La decisione choc dei giudici: Riina «interrogherà» Napolitano

L'avvocato del boss sfrutta l'acquisizione di nuove prove per porre delle domande al Colle Il presidente per non rispondere potrà usare le sue prerogative, riconosciute dalla Consulta

La decisione choc dei giudici: Riina «interrogherà» Napolitano

«S ignor Presidente, fu informato tra luglio e settembre 1993, o anche dopo, che si temeva un attentato contro la sua persona?». È una delle domande che martedì al Quirinale potrebbero essere rivolte a Giorgio Napolitano da Totò Riina. Non dal «Capo dei capi» di Cosa nostra in persona, ma attraverso uno dei suoi legali nel processo di Palermo sulla cosiddetta trattativa tra Stato e mafia.

L'avvocato Luca Cianferoni, infatti, ha ottenuto una vittoria: la Corte d'Assise di Palermo ieri ha ammesso la sua richiesta di esaminare il capo dello Stato, in base a una «nuova prova». In pratica, il boss potrà interrogare, anche se per interposta persona, il presidente della Repubblica come suo teste. Dopo il no dei giudici alla partecipazione di Riina in collegamento video-audio con la sala della deposizione, il suo legale ha escogitato questo altro modo per portare il padrino nel Palazzo. Sarà lui a salire sul Colle e a porre a Napolitano domande su quanto accadde nel '93, nel periodo delle stragi mafiose di Roma, Firenze e Milano. Diverse da quelle già previste dalla deposizione, che riguardano la lettera al presidente del suo ex consigliere giuridico Loris D'Ambrosio (scomparso nel 2012), sui dubbi di essere stato «utile scriba d'indicibili accordi», alla fine degli anni '80, quando era alla Superprocura antimafia.

Succederà, sempre che ci sia, precisano i giudici nell'ordinanza, la «disponibilità» del presidente, «di cui la Corte non potrà che prendere atto», per le prerogative costituzionali di cui gode.

Una situazione surreale, che potrebbe verificarsi il 28 ottobre oppure slittare nel tempo, anche di un anno. La legge infatti stabilisce che a sentire prima i testi sia il pm, poi le parti civili e solo alla fine i legali degli imputati. Martedì Cianferoni potrebbe interrogare Napolitano solo in contro-esame e non sulle domande che lui stesso propone, salvo che ci sia un accordo (difficile) tra le parti.

L'avvocato ha saputo sfruttare il deposito pochi giorni fa alla procura di Palermo di documenti dei servizi segreti, il Sismi di allora, sull'allarme nel '93 per il possibile attacco all'allora presidente della Camera e al suo omologo del Senato, Giovanni Spadolini. Niente di nuovo, perché le carte sono già finite nel 2002 nell'inchiesta dei pm fiorentini, ma la procura palermitana ha voluto acquisirle al processo e Cianferoni, con l'altro legale di Riina Giovanni Anania, ha chiesto su questa base, di porre a Napolitano nuove domande.

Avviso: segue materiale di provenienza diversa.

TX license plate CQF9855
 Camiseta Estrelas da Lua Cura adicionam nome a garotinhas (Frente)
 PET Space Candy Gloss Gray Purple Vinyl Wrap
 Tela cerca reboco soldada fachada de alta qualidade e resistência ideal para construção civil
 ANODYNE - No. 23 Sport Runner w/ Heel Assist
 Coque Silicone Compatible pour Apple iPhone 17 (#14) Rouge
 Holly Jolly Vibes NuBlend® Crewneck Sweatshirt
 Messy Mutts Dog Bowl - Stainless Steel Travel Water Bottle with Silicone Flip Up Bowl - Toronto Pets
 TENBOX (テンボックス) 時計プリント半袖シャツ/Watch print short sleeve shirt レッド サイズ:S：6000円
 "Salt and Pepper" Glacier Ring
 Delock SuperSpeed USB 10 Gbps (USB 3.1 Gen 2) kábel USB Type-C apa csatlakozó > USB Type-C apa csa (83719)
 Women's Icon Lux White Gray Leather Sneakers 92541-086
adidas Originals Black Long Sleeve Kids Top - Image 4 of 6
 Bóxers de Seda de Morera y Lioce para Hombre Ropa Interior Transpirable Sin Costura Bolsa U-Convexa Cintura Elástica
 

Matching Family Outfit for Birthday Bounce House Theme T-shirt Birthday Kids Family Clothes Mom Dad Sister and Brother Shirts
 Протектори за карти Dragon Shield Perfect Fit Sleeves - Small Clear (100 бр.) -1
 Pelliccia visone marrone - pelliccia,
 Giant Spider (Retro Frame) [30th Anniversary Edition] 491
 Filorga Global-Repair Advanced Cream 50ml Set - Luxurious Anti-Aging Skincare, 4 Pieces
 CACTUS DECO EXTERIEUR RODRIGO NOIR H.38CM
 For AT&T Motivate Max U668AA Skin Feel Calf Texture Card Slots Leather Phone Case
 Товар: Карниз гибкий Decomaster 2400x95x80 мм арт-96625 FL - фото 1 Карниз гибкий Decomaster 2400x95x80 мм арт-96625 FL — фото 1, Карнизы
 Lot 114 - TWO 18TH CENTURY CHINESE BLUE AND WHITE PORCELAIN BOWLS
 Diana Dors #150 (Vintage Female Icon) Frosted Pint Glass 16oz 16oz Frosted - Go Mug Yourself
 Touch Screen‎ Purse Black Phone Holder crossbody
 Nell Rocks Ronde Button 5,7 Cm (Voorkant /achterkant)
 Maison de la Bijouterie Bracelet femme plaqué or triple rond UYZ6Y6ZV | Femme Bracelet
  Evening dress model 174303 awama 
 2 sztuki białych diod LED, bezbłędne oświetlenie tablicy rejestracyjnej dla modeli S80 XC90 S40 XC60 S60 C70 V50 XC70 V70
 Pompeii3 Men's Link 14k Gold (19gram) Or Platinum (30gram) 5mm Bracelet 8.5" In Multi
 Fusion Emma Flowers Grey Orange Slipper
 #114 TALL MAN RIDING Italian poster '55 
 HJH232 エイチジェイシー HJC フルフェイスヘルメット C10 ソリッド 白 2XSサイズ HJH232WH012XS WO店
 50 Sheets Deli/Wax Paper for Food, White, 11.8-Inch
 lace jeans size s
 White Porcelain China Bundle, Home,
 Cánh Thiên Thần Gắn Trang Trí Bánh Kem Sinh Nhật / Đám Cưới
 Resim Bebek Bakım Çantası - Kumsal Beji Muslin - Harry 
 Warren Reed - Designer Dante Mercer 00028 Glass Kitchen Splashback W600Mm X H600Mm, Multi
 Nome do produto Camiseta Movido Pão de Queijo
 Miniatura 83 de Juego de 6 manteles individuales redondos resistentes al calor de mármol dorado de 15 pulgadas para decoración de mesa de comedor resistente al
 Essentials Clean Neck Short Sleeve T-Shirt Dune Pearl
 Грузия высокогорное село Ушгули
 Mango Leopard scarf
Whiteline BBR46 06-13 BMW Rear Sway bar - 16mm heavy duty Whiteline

Istanza accolta ieri e sulla sala del Quirinale, che sarà affollata da 40 persone, grava tensione aggiuntiva. Vorrebbe tanto esserci anche l'ex pm Antonio Ingroia, che non rinuncia a porre le sue domande «impertinenti» a Napolitano dalle pagine de Il Fatto, essendo fuori dal processo nato dall'inchiesta istruita nel 2000, per la sua fallimentare avventura politica.

I documenti del Sismi, per la Corte d'Assise, sono una prova «nuova», che «non è manifestamente superflua né irrilevante».

E, riferendosi ad anni in cui Napolitano non era al Quirinale, non rientrerebbero nei limiti della sentenza della Consulta che ha risolto il conflitto di attribuzioni tra il Colle e la Procura di Palermo, riconoscendo appunto una serie di prerogative al capo dello Stato. Così, lo show quirinalizio inizia martedì e non si sa quando finirà.